Re: [infinispan-dev] distributed fork-join executor prototype

Sunday, 3 March 2013

Hi Matt,

my view is that if you use Infinispan to distribute tasks to be 
processed (master-slave processing) to workers, then Infinispan is the 
wrong tech for this.

Assuming I understood what you wrote below, you're distributing tasks to 
be executed to nodes identified by the consistent hash over the task 
data you insert into the cache.

Workers get a notification when tasks are added to their cache, process 
them and remove the tasks when done. This is a system where you have 90% 
writes (task insertions and removals) and 10% reads (peeking into the 
cache to see if tasks are available).

Infinispan was designed to be a cache for frequently used data, in which 
reads outnumber writes (perhaps 80%/20% w/r), so with your task 
distribution you use Infinispan in a way that's opposite to what it was 
designed for. It will cerianly work, but I don't think you'll get great 
perf.

I've seen similar abuses before where people used Infinispan/JBossCache 
as a notification bus.

For the scenario you describe below I recommend a messaging system like 
JGroups or JMS. I've implemented a peer-to-peer task distribution system 
[1] in JGroups before, take a look, perhaps this is closer to what you 
have in kind...

[1] http://www.jgroups.org/taskdistribution.html

On 3/2/13 6:40 PM, matt hoffman wrote:
...
 Hey guys,

 I've been working on a prototype of integrating Infinispan into our
 app.  We do a lot of distributed processing across a small cluster, so
 I've played with Infinispan's existing distributed execution framework
 (which is nice), as well as using Infinispan alongside a normal message
 queue to distribute tasks.  But I've also put together a prototype of a
 new distributed execution framework using fork-join pools that you all
 might be interested in.  If it sounds like something that would be
 worthwhile for Infinispan, I can raise a Jira and submit a pull request
 with what I have so far. I'd need to get the CA and company policy stuff
 finalized; that might take a couple days. Meanwhile, in case there is
 any interest, I've described the approach I've taken below.

 First, a little background:

 A while back I worked on a side project that integrated a distributed
 work-stealing algorithm into the standard JDK fork-join queue.  It used
 JGroups for communication, because it was quick and easy for
 prototyping. So this week I thought i'd take a stab at porting that over
 to Infinispan. The algorithm I came up with for Infinispan is a bit less
 of a work-stealing algorithm, to take advantage of Infinispan's built-in
 distribution capabilities, but I think it's still fairly efficient.

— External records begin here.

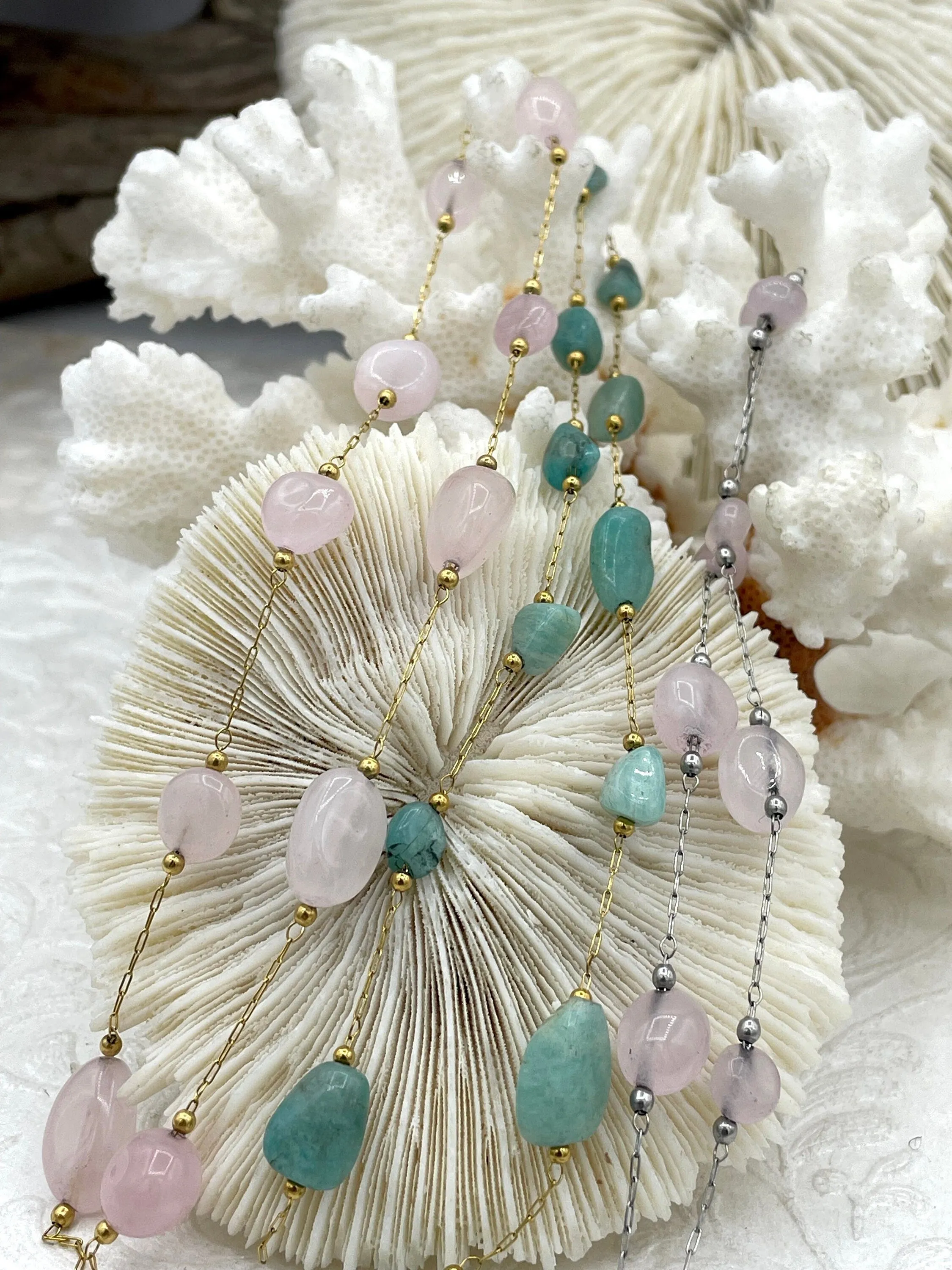 Rose Quartz and Amazonite Stone Beaded Rosary Chains, Beaded Chains, 3 styles. stone beads, Gold or Silver Wire, Sold by the foot. Fast ship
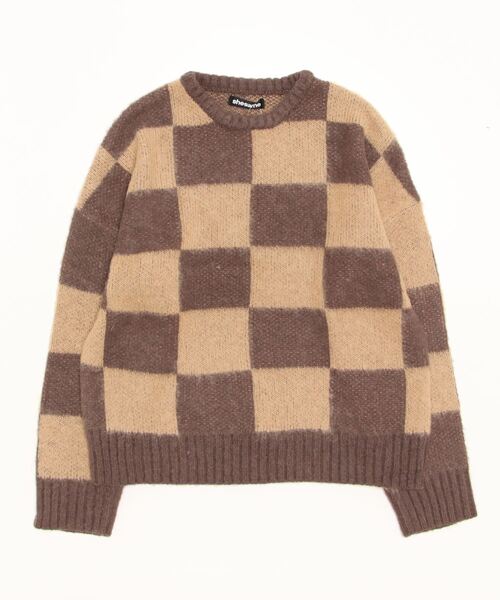 shesame（シーセム）の「アソート柄モヘアライクウールミックスニット（ニット/セーター・レディース・ブラウン/グリーン/ピンク/ブラック・MEDIUM/LARGE）」の6枚目の写真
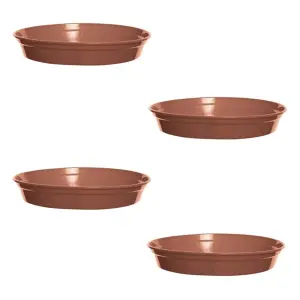 4x Plastic Plant Pot Saucer 24cm Terracotta Colour for 10 Inch Plant Pot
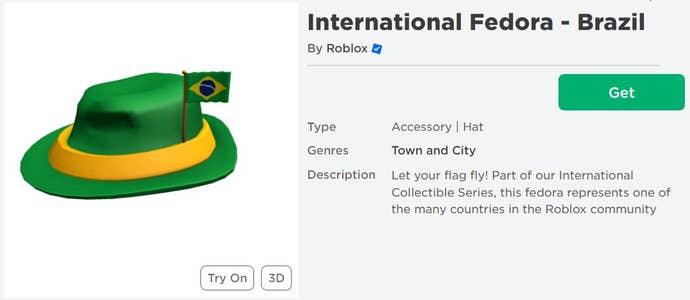 با مضمون Roblox International Fedora با مضمون برزیل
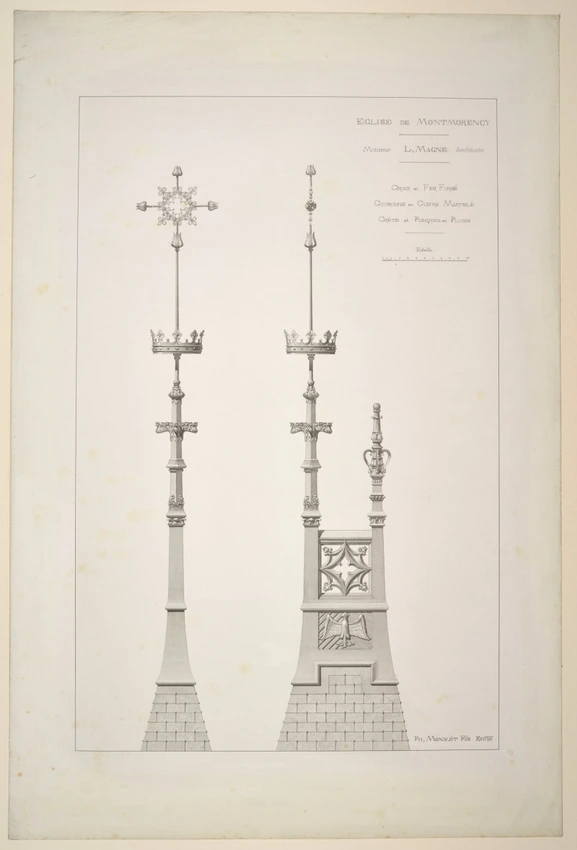 Deux modèles de croix et crête pour l'église de Montmorency - Maison Monduit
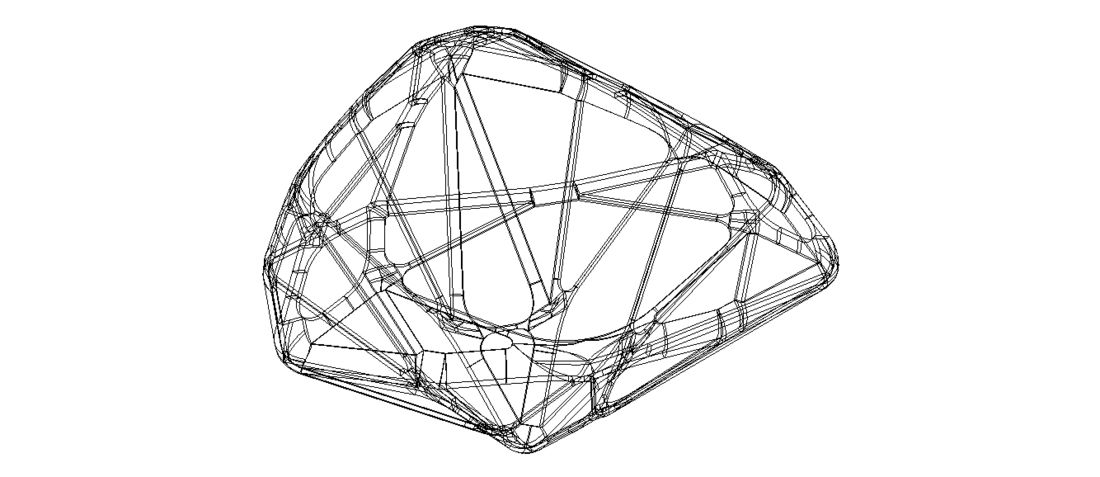 Wireframe Shape Trillion Cut Diamond 3D Print 544720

 My basic approach was to take in a cache in the constructor, much like
 the existing distributed executor, and then create a parallel, DIST-mode
 cache that uses the same hash & grouping configuration as the original
 cache. That new parallel cache is the "task cache", and we use that to
 distribute available tasks across the cluster. It's a distributed cache
 so that tasks are partitioned across a large cluster, and it uses the
 hashing config of the original cache and a KeyAffinityService to attempt
 to distribute the tasks to the same nodes that contain the data being
 worked on. Nodes use cache listeners to be notified when there is new
 work available, and the atomic replace() to "check out" the tasks for
 execution, and "check in" the results.

 The basic algorithm is something like this:

 For a refresher, a normal FJ pool has a fork() method that takes in a
 task, and then places that task on an internal queue (actually, one of
 several queues). When threads are idle, they look to the nearest work
 queue for work. If that work queue does not have work, they "steal" work
 from another thread's queue.  So in the best case, tasks remain on the
 same thread as the task that spawned them, so tasks that process the
 same data as their parents may still have that data in the CPU's cache,
 etc. There's more to it than that, but that's the basic idea.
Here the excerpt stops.